Una de las características de nuestro tiempo es la tendencia, sin duda programada, a llenar de contenido absoluto ciertas palabras cuyo sentido, positivo o negativo, depende en gran medida de las circunstancias. De ahí que, por poner un ejemplo, la palabra “tolerancia” haya adquirido categoría de valor incuestionable cuando hay y suceden tantas cosas que son intolerables. Y, sin embargo, “tolerancia” y “tolerante”, en el discurso actual y, por tanto, en la mente de la mayoría, son palabras asociadas siempre a lo bueno. Peligrosísimo engaño, como todo lo que tiene que ver con la manipulación del lenguaje. Vivimos en tiempos de tolerancia obligatoria. La inculcada creencia de que la tolerancia es en sí un valor ha tenido y tiene como efecto un evidente debilitamiento del músculo moral de la sociedad. Lo mismo sucede a la inversa, es decir, con palabras que en las últimas décadas se han cargado de connotaciones negativas, asociadas ridículamente al mal absoluto. Pensemos en la palabra “discriminación” (excepto, claro está, cuando es “discriminación positiva”), algo que no es otra cosa que distinguir. Pero qué peligroso es eso de distinguir en estos tiempos de “igualdad”, otro “valor” incuestionable de nuestra época. No nos extrañemos de que, en la era del igualitarismo, la palabra “discriminar” esté demonizada.
Para conocer a fondo una época es necesario un estudio de las palabras que santifica y de las palabras que demoniza. La lista de unas y otras es larga. Pero hay una en particular que llama la atención por lo elevado de su status y lo trivial de su contenido en el panorama actual: se trata de la palabra “cambio”. Tanto es así que el cambio, un medio necesario en distintos ámbitos de la vida, desde un cambio de zapatos a un cambio de actitud, se ha convertido en una meta, una necesidad per se, una panacea a la que aspirar. El cambio se ha convertido en un culto. Vivimos tiempos de cambiolatría: los partidos políticos prometen “cambio”, conscientes de los efectos seductores de la palabra entre la gente (conscientes también del hartazgo y decepción que causan sus políticas). Los mercaderes, de la mano de las modas y de la obsolescencia programada, mantienen al consumidor (fea palabra) activo en un cambio a menudo tan innecesario como vertiginoso.
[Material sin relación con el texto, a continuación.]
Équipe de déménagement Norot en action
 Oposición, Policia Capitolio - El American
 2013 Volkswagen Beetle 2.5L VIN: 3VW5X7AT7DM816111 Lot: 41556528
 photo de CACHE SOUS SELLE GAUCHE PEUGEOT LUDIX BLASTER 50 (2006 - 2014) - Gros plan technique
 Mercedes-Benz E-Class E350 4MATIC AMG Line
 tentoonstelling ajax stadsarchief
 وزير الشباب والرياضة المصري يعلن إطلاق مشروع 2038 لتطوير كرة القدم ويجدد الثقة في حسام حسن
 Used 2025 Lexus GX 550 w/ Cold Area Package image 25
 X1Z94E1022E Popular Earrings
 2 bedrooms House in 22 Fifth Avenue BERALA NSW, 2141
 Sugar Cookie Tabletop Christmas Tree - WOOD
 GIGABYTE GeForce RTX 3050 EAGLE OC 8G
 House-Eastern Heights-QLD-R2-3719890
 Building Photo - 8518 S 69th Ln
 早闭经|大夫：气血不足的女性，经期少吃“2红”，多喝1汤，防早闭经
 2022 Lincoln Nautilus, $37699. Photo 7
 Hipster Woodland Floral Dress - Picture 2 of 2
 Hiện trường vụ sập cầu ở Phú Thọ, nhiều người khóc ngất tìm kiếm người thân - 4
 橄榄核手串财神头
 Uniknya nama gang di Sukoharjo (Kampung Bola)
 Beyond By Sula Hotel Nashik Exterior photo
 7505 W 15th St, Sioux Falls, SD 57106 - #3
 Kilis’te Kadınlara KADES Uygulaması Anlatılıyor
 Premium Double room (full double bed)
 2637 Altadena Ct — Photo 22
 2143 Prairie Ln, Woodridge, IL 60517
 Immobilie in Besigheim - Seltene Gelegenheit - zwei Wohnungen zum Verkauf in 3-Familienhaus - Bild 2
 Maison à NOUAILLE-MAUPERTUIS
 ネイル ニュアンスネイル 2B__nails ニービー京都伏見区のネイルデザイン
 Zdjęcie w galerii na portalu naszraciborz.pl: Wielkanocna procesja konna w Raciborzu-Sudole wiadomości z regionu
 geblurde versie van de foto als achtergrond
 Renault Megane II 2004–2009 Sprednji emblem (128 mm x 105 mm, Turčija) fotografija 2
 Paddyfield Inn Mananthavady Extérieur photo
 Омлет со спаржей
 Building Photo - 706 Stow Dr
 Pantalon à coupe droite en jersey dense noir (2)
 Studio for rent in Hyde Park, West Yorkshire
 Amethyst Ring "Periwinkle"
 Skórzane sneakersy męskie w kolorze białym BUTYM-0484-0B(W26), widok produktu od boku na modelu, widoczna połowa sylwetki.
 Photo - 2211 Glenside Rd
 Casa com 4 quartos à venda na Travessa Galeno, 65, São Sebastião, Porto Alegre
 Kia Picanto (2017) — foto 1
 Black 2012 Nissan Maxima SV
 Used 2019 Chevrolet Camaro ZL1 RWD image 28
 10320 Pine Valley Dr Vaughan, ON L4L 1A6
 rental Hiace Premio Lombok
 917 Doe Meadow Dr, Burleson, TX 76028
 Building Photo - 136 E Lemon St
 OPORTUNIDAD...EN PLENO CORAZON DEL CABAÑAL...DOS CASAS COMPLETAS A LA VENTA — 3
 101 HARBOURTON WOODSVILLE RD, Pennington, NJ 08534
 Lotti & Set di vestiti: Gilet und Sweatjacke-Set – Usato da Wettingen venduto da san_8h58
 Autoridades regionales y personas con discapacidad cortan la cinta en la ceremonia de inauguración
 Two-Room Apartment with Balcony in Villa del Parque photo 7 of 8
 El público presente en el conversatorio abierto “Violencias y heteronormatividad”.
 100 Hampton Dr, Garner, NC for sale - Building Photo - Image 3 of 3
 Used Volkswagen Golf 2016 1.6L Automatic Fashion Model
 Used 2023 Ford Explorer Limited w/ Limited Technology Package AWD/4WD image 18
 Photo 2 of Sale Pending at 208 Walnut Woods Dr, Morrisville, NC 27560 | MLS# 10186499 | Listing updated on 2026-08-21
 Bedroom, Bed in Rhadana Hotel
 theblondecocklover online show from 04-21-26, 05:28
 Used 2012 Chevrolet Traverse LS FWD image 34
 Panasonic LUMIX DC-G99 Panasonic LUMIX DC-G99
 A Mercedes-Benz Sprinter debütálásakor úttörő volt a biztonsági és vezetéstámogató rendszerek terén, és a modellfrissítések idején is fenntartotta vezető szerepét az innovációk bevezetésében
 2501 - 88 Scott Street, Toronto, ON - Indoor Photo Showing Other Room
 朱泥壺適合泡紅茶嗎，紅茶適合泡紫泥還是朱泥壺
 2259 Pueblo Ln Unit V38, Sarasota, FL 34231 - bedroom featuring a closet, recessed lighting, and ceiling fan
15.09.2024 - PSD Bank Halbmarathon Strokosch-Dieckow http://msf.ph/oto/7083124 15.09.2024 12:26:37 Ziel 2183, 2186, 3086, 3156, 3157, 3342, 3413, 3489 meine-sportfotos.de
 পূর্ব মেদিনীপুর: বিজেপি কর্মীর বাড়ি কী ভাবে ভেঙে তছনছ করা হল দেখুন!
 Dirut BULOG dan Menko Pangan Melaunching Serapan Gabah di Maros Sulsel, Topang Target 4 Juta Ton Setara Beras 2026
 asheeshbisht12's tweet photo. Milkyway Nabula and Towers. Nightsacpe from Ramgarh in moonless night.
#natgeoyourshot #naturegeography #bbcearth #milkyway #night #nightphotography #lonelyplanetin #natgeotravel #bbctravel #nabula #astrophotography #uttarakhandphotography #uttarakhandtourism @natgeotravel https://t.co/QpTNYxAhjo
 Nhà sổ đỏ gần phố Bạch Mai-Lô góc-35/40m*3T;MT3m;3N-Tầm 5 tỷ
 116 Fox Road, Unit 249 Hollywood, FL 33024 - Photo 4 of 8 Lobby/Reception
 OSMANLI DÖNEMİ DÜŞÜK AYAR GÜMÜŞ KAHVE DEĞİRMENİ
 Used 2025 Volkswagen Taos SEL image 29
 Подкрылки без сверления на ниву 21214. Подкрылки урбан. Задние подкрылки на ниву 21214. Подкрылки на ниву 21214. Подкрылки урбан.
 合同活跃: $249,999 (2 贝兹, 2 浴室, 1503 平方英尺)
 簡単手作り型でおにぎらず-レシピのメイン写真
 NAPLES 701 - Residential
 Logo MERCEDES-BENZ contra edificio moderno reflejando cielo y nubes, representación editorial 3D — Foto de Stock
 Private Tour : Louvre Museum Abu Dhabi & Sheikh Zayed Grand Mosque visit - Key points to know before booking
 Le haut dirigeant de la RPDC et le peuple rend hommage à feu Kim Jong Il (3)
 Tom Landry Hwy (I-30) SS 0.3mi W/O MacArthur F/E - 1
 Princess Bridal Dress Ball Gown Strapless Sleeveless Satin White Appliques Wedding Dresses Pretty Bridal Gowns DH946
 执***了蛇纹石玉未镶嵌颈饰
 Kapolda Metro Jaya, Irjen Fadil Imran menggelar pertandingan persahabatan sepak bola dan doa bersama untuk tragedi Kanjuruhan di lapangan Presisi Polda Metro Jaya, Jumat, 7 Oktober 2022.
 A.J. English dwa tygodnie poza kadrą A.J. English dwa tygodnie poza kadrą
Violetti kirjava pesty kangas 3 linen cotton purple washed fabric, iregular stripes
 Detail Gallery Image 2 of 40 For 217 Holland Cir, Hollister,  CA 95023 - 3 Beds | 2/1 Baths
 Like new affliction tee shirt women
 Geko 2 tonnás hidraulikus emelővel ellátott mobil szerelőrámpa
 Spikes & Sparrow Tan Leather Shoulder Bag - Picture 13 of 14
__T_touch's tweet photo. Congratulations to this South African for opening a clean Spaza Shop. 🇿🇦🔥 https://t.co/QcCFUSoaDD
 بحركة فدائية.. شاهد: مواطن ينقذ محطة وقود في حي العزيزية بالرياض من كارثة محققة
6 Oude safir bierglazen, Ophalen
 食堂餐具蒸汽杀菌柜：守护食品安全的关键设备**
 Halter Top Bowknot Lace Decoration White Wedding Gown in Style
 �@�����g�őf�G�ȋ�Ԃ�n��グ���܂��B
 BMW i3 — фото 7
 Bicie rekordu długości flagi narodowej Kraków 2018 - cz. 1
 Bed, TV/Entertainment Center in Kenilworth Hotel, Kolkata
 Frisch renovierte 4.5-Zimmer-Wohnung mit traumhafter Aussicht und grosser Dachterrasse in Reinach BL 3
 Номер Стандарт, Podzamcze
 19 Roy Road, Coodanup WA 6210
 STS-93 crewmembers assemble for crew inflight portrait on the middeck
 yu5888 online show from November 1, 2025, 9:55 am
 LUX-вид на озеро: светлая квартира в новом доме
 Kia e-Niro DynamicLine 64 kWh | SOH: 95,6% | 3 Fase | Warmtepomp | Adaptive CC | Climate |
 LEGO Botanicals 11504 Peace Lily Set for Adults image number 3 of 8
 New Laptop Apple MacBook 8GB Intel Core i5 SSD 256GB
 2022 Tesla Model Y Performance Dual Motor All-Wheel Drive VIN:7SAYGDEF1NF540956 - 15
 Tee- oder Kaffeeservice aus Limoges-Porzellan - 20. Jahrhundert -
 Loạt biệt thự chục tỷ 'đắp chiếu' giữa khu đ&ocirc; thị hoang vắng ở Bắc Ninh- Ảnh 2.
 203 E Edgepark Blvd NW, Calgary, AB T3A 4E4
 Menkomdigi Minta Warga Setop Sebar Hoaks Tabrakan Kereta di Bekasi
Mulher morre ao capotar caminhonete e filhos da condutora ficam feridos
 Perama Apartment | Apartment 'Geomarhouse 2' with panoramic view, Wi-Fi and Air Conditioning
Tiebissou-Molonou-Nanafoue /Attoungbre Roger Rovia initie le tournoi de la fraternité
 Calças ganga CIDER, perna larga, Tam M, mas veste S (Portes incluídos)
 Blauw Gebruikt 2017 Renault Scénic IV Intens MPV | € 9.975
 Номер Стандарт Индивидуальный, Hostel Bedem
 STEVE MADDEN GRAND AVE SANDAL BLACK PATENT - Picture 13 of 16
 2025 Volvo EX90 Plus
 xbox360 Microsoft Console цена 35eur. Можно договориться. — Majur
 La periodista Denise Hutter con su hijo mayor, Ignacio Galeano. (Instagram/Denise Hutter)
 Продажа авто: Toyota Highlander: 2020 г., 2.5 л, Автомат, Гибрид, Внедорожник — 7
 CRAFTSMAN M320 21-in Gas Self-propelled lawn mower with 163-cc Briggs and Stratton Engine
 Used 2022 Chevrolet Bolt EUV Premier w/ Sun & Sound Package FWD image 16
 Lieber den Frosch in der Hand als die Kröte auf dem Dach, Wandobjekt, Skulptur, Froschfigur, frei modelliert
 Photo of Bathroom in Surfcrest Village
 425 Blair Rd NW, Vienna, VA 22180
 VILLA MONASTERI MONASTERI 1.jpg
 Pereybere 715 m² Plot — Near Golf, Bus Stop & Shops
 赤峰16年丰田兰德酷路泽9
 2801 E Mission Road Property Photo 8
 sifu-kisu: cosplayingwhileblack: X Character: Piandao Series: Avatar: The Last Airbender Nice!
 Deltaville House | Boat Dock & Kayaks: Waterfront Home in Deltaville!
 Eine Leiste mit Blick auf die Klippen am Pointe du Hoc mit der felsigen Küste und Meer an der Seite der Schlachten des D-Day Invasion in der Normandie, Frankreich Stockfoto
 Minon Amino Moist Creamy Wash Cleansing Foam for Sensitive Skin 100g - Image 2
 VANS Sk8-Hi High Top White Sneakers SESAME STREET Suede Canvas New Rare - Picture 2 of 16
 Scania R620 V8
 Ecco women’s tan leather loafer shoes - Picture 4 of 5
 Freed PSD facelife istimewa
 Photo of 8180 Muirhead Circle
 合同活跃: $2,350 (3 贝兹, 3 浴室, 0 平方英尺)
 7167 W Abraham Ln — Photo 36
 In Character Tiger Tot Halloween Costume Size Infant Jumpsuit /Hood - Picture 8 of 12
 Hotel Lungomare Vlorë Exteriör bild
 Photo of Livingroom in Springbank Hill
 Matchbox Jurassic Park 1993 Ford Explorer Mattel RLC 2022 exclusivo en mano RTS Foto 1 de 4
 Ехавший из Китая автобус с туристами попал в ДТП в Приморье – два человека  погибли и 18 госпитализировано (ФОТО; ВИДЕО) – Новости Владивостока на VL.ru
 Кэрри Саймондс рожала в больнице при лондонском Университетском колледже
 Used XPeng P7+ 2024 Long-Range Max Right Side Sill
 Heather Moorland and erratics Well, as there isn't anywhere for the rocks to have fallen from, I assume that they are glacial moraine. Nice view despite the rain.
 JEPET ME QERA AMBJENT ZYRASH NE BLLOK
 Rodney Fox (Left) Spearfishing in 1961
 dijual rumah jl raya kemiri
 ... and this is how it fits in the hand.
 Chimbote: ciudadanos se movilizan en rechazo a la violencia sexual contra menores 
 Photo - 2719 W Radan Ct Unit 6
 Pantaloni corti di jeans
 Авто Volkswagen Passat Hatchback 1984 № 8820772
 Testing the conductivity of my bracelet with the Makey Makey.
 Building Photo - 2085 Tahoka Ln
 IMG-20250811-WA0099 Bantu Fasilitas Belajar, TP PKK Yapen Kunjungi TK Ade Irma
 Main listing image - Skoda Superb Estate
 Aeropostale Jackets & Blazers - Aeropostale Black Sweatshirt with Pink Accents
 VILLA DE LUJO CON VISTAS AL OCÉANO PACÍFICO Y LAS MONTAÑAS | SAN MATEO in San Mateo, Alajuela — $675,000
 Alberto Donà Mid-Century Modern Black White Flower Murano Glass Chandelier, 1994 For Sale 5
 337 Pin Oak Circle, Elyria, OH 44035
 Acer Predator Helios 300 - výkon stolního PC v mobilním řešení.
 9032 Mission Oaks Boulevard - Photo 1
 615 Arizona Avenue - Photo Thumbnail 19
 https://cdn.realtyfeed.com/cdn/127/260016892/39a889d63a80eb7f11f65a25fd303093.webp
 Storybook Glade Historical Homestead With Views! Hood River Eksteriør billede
Las loterías hablan de que el ganarlas “cambiará tu vida”. Parece, pues, que si aún hay alguien conforme con su vida y que no desea, por lo tanto, cambiarla, sería casi tan ilocalizable como la por siempre oculta aguja en el pajar. Triste cosa, ya que no hay nada que alimente más el espíritu y la sana conformidad (que no conformismo) que un camino vital encontrado, acorde con las necesidades de cada individuo. O, mucho mejor aún, acorde además con los ideales de cada individuo.
Sin embargo, asistimos a una constante incitación al cambio: se incita al hombre actual a cambiar insistentemente, se le incita a cambiar de indumentaria, a cambiar de vida, a cambiar de relaciones, incluso a cambiar de cara. Asistimos a una inquietante paradoja: la imposición del cambio como fin en sí mismo diríase que es la más eficaz cortina de humo para cegarnos con respecto a la necesidad de un cambio verdaderamente necesario: aquel que es la lúcida y valiente hazaña de cambiar el rumbo del mundo actual, el rumbo que desnorta e infantiliza al individuo, que le desarraiga de su identidad, de la tradición a la que pertenece, de su cultura, y le hace cada vez más manipulable.
Hay una guerra declarada a lo permanente, a lo estable, a todo aquello que tiene raíces. De ahí la repetición hasta la náusea de frases hechas como la de que hay que “olvidar el pasado y mirar sólo al futuro”, frase cuya banalidad es reflejo de una sociedad cada vez más infantilizada, porque el hombre acrecienta su infantilismo a medida que ignora su pasado. Asistimos al doloroso espectáculo de una sociedad seducida con lo nuevo, tan seducida con el cambio que no duda en cambiar valores por juguetes.
Las sociedades aburridas, víctimas del peor de los aburrimientos, ése que nace de un profundo vacío espiritual, son presa fácil de las diversas idolatrías con las que un tiempo que está perdiendo el sentido de lo sagrado intenta enmascarar su miseria. El cambio es uno de los ídolos de nuestro tiempo. Lo novedoso, por el mero hecho de serlo, se convierte en lo más deseado, con un deseo tan impaciente como efímero, pues lo novedoso, pronto y de manera inevitable, ha de dejar paso a lo más novedoso aún. Y así sucesivamente en una voraz e infantil cambiolatría.